It’s no secret that Kobo, the e-reading company formerly owned by Indigo Books & Music, is betting big on the “social in-book e-reading experience” to set it apart from competitors such as Amazon’s Kindle and Apple’s iBookstore.

Kobo made this much clear with the September launch of Kobo Pulse, a package of updates that effectively integrated social media within the company’s e-reader. The new features permit users to connect with other readers online, comment on an ebook’s content, view statistics about a title’s popularity, and post reading updates and passages to Facebook, among other functions. The new capabilities are in addition to Kobo’s long-established Reading Life program.
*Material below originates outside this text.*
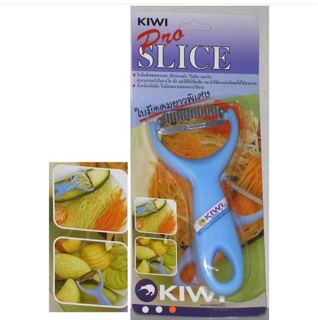 Dao bào sợi rau củ kiwi,Nạo củ siêu nhanh  KIWI cao cấp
It seems, though, for some Kobo diehards, the updates have gone too far.

Just a year after naming Kobo’s e-reading iPad app the best on the market, digital publishing and tech blogger Chris Walters has come out swinging against it. In a post on his website, Walters says that, while he used to believe the Kobo app “ahead of the curve,” he now avoids using it altogether. Noting that the changes came about in response to restrictions against in-app purchases Apple began implementing last year, Walters says Kobo’s unrelenting attempts to make e-reading fun and connected have missed the mark and made the app unpleasant to use.

Regardless of whether or not users find the social features cumbersome, Walters’ main complaint is levelled against Kobo’s increasingly aggressive sales tactics. Now when the app is launched, it opens to a page of recommended reads that takes up much of the display screen. Moreover, Walters points out that when you do opt to make a purchase, the process has become much more time consuming and involves multiple website redirections.

Walters ends his post by putting these changes in context. From Booksprung:

Part of me wonders if this is the first sign of the New Face of Kobo, now that it’s been bought up by Rakuten. Software updates don’t happen overnight, so this was likely something Kobo had in the works for a while. Rakuten surely had enough time to kill this update but chose to release it anyway, which is a good sign that this is the way things will work with Kobo from now on. Who knows? By the time summer comes around the Kobo iOS app may be nothing but an impenetrable billboard of book samples, Facebook alerts, infographics, help screens, pop-up windows, slide-out sheets, and “share this” badges.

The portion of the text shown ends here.